Le 25 mars 2011, la coalition internationale dirigée par la France et les rebelles du nord déferlent par vagues entières sur le sud du pays et engagent la bataille décisive d’Abidjan, semant mort et désolation sur leur passage. Duékoué, la ville-martyr, dans l’ouest ivoirien, où l’on a compté plus de mille morts en un seul jour selon les organisations internationales des droits de l’Homme et abondamment documenté, est l’exemple le plus effroyable.

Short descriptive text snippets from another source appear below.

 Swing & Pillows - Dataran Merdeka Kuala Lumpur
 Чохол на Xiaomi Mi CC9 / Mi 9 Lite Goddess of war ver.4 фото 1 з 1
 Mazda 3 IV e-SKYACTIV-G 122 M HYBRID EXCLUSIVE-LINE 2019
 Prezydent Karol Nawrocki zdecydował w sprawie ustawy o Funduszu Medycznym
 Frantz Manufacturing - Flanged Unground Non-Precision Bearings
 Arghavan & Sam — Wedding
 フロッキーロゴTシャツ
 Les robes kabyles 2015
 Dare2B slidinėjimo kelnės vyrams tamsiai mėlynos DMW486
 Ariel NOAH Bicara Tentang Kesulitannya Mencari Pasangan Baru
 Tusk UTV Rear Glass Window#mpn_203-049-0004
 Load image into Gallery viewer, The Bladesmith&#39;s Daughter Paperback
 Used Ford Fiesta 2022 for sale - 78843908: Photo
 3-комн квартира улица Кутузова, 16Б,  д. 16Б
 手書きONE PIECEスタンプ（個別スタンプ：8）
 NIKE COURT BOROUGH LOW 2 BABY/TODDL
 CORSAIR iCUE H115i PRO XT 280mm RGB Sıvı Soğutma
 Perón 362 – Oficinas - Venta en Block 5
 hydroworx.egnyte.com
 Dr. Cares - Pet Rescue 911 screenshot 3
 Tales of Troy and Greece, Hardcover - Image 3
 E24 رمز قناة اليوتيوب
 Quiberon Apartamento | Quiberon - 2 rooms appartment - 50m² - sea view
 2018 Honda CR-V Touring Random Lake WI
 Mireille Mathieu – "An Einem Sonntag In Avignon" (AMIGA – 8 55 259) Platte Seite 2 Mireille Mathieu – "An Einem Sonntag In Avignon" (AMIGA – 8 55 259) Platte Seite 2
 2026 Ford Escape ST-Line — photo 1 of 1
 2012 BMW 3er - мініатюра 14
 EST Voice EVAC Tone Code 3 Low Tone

L’option militaire, préférée par M. Nicolas Sarkozy et quelques chefs d’états africains, à une solution négociée, répond à la politique de « rectification » et de « reprise en main » minutieusement élaborée, depuis 2002, par la France, pour évincer Laurent Gbagbo du pouvoir. Malgré le lyrisme et les proclamations incantatoires sur la démocratie chantés à l’unisson pour justifier la guerre absurde faite à la Côte d’Ivoire, l’opinion africaine, dans son immense majorité, n’est nullement dupe. Elle saisit, clairement, le sens réel de l’acharnement quasi obsessionnel exercé sur Laurent Gbagbo et l’hystérie collective qui s’est emparée de la planète entière : M. Sarkozy avait érigé, en but suprême, l’installation de M. Ouattara à la tête de la Côte d’Ivoire, le joyau de la couronne, le fleuron du prestige éternel de la Grande France. Cette personnalité, proche de l’ancien président français, ciselée selon les critères françafricains, aura pour feuille de route la protection et la promotion des intérêts exclusifs de la « métropole ». Or la politique de Refondation qui inaugurait la deuxième République avec l’élection de Laurent Gbagbo en octobre 2000 voulait rompre avec l’héritage politique et économique de dépendance de l’ex-puissance coloniale. La diversification des partenaires commerciaux de la Côte d’Ivoire, les réformes structurelles, politiques, économiques et sociales entreprises indépendamment des injonctions françaises en étaient quelques éléments d’illustration. Cette politique de Refondation bousculait les habitudes acquises et confortablement installées. Le crime de Laurent Gbagbo, c’est d’être issu d’un moule non conventionnel selon les critères édictés par Paris, et d’avoir commis, toujours selon Paris, d’« inacceptables sorties de route » par des ambitions indépendantistes et souverainistes affichées.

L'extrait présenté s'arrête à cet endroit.